Relacje Szweda z Allegrim często bywały napięte. Obaj trafili do Mediolanu w 2010 roku i wspólnie zdobyli jedno krajowe mistrzostwo. Po drugim meczu z Arsenalem 40-latek nie podzielał radości kolegów. Wściekły wkroczył do szatni i prawie wyładował swoją frustrację na włoskim trenerze. O całej sytuacji opowiedział Galliani.

- To był okropny mecz. Wszyscy byli ostatecznie szczęśliwi, ale kiedy weszliśmy do szatni, Ibra krzyczał jak szalony. Prawie pobił Allegriego, bo ten posadził na ławkę dwóch bramkarzy.

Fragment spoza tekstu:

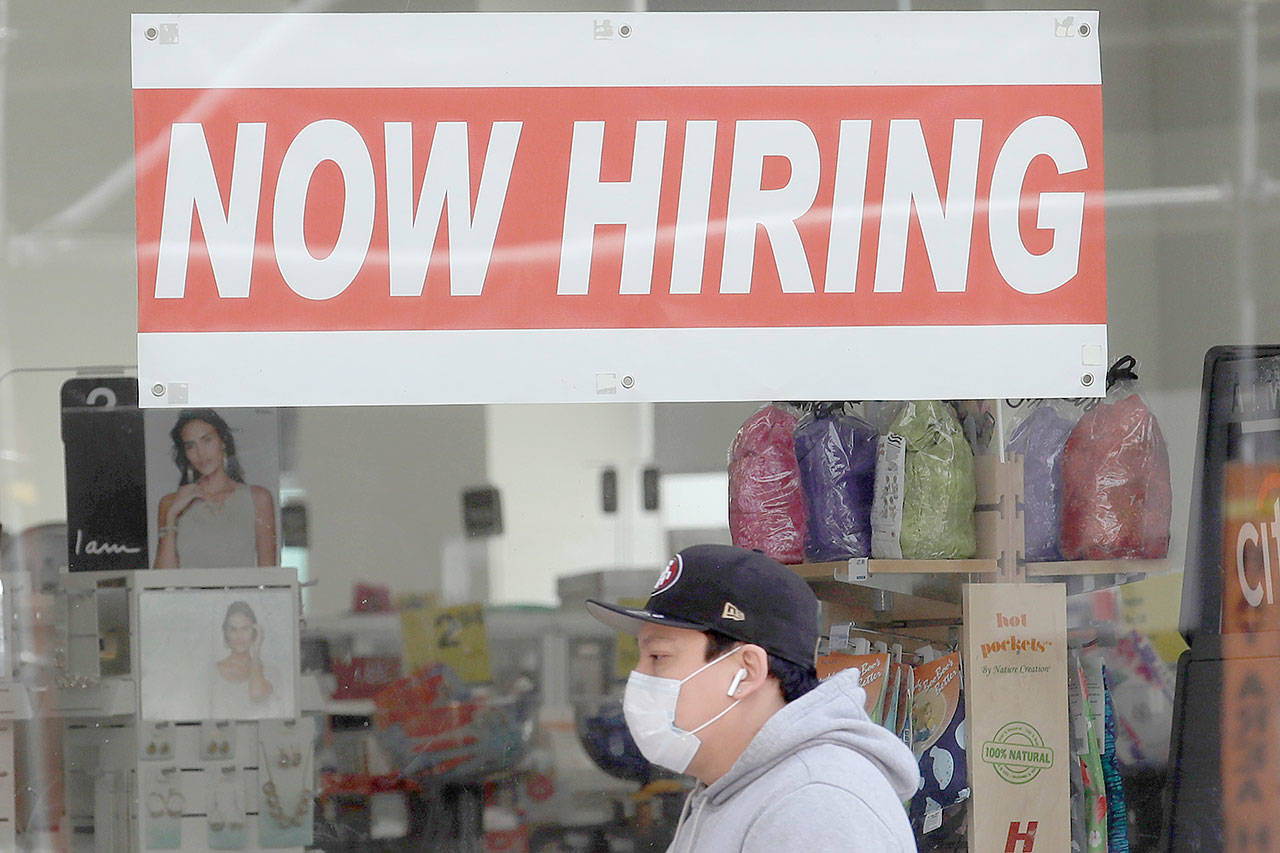 This May 7, 2020, file photo shows a man wearing a mask while walking under a Now Hiring sign at a CVS Pharmacy during the coronavirus outbreak in San Francisco. On Thursday, Nov. 12, the number of people seeking unemployment benefits fell last week to 709,000, the fourth straight drop and a sign that the job market is slowly healing. The figures coincide with a sharp resurgence in confirmed viral infections to an all-time high above 120,000 a day. (AP Photo/Jeff Chiu, File)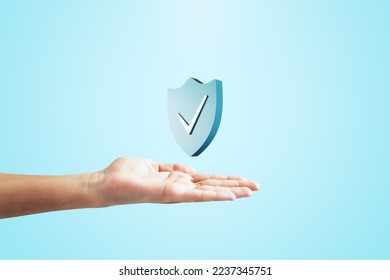 Close up of female hand holding creative antivirus shield icon on light blue background. Secure phone usage, protection and web safety concept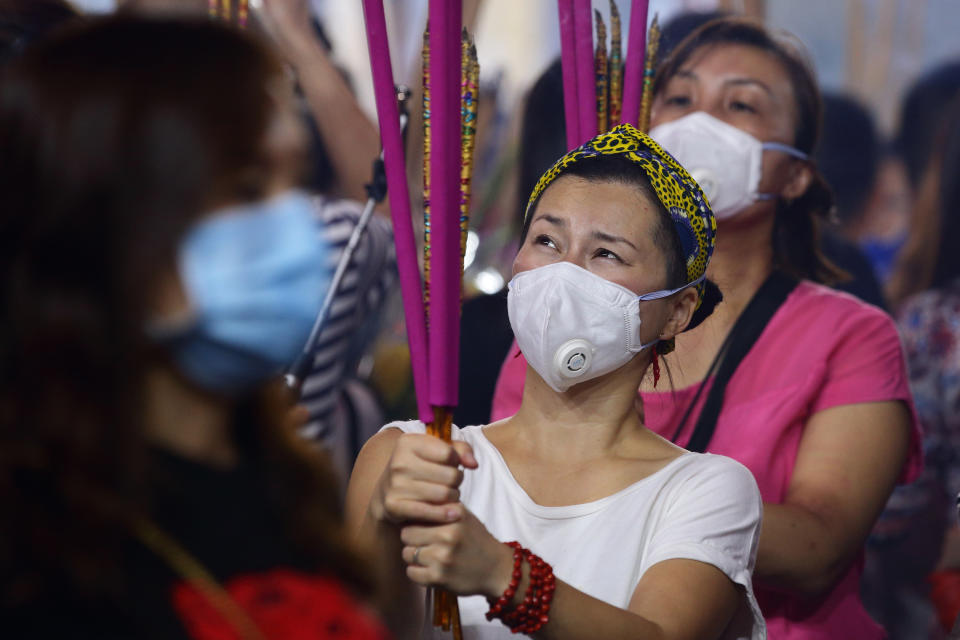 SINGAPORE - JANUARY 24:  Worshippers wearing mask, gather to pray at the Kwan Im Thong Hood Cho Temple on January 24, 2020 in Singapore. Singapore confirmed another two cases of the Wuhan viruses today, making a total of three, as Singapore prepares to usher in the Year of the Rat, one of the most anticipated holidays on the Chinese calendar. Also known as the Spring festival or the Lunar New Year, the celebrations last for about 15 days.  (Photo by Suhaimi Abdullah/Getty Images)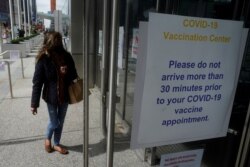 People arrive at the Javits Center mass vaccination location amid the coronavirus pandemic in the Manhattan borough of New York City, New York, April 13, 2021.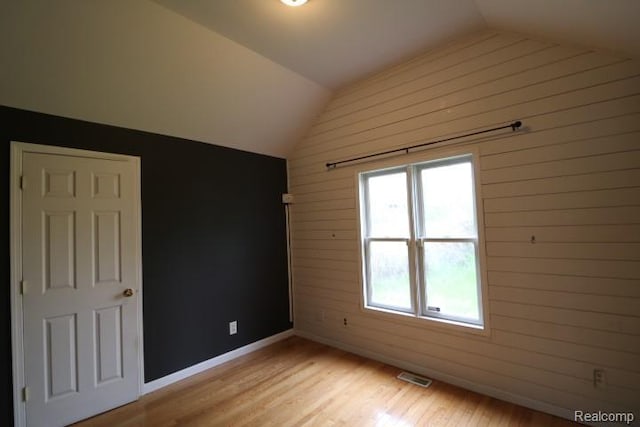 111 N Genesee St, Davison, MI 48423 - empty room with vaulted ceiling, light wood-style floors, wood walls, and baseboards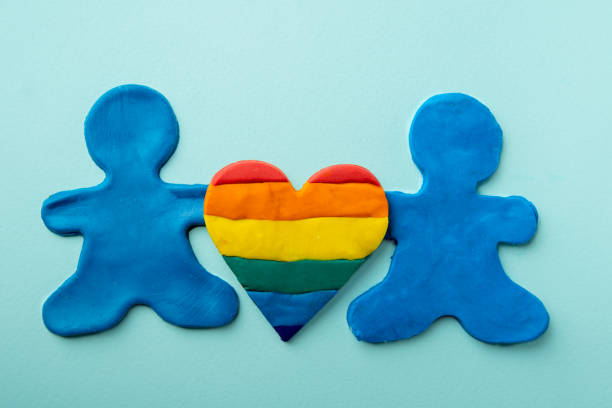 dos hombres idénticos de plastilina azul sostienen una forma de corazón de arco iris de plastilina sobre un fondo azul. concepto de familia lgbt. - childs play clay small men team fotografías e imágenes de stock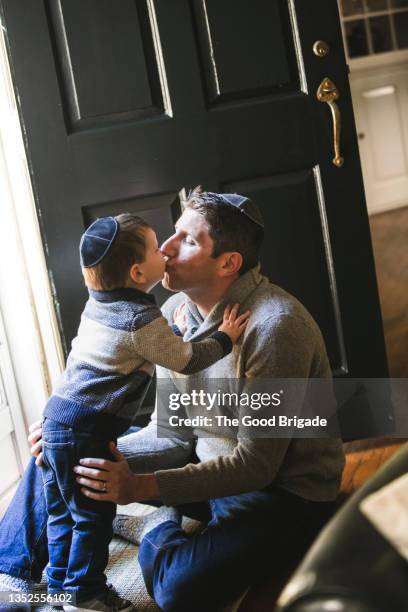 boy kissing father in doorway at home - gorra a modo de casquete fotografías e imágenes de stock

Wówczas w pierwszym składzie w bramce zagrał Christian Abbiati, a parę rezerwowych golkiperów stanowili Flavio Roma oraz Marco Amelia.

- Ibra nigdy nie jest szczęśliwy. On nigdy nie jest zadowolony. Zawsze chce osiągnąć maksimum. Jeśli remisuje lub kończy na drugim miejscu, wpada w złość. Nigdy nie jest zadowolony i to jest jego najlepsza cecha – zakończył Galliani.

Na prezentacji pojawił się również sam Zlatan Ibrahimović. Mówił o swoim ogromnym marzeniu, jakim jest zdobycie w obecnym sezonie mistrzostwa z Milanem. Aktualnie jego zespół zajmuje drugie miejsce w tabeli Serie A, ze stratą jednego punktu do Interu Mediolan.